= Human rights group =

Non-governmental organization which advocates for human rights

A human rights group, or human rights organization, is a non-governmental organization (NGO) which advocates for human rights through identification of their violation, collecting incident data, its analysis and publication, promotion of public awareness while conducting institutional advocacy, and lobbying to halt these violations. Like other NGOs, human rights groups are defined in their characteristics by legal, including taxation, constraints under which they operate, namely:
- They are "non-governmental", meaning that they are established by private initiative, are free from governmental influence, and do not perform public functions;
- They have an aim that is nonprofit, meaning that if any profits are earned by the organisation, they are not distributed to its members but used in the pursuit of its objective;
- They do not use or promote violence or have clear connections with criminality;
- They have a formal existence with a statute and a democratic and representative structure, and normally, but not necessarily, enjoy legal personality under national law.

What distinguishes a human rights group from other political elements of any given society is that while political advocates usually seeking to protect only the rights of their own constituents, a human rights group seeks to defend the same rights for all members of that or any other society.
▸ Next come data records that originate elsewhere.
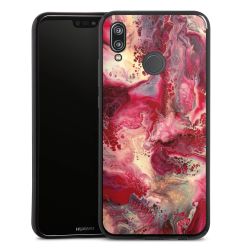 Silikoni Suojakuori musta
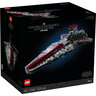 LEGO Republički napadački kruzer klase Lovac 75367
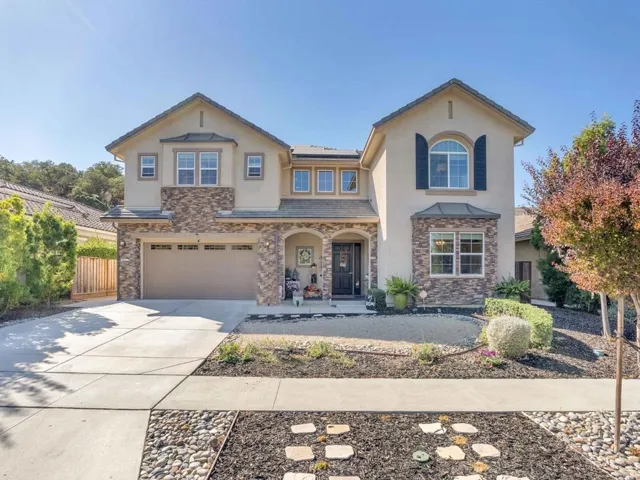 9241 Tea Tree Court, Gilroy, California 95020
Unlike political groups which seek to advance their own discrete interests or programs a human rights group attempts to keep the political process open to all legitimate participants in the societal conflicts where such human rights violations occur. This generally independent focus distinguishes human rights groups from sectarian and partisan groups such as for example trades unions, whose primary goal is to protect the interests of the members of unions.

Human rights groups are sometimes confused with humanitarian organizations and groups representing lobbies focused on specific issue lobbies, while most seek to distinguishing themselves from political movements involved in the conflicts that are often causes of the human rights abuses. Often human rights groups claim expert knowledge on the issue or issues it surveys through human rights observers as field researchers. One of the best known international human rights groups is Amnesty International. However it, like many other groups, has stretched the definition of a human rights group because aside from not being a single-issue advocate it has also ventured into issues that are not clearly human rights.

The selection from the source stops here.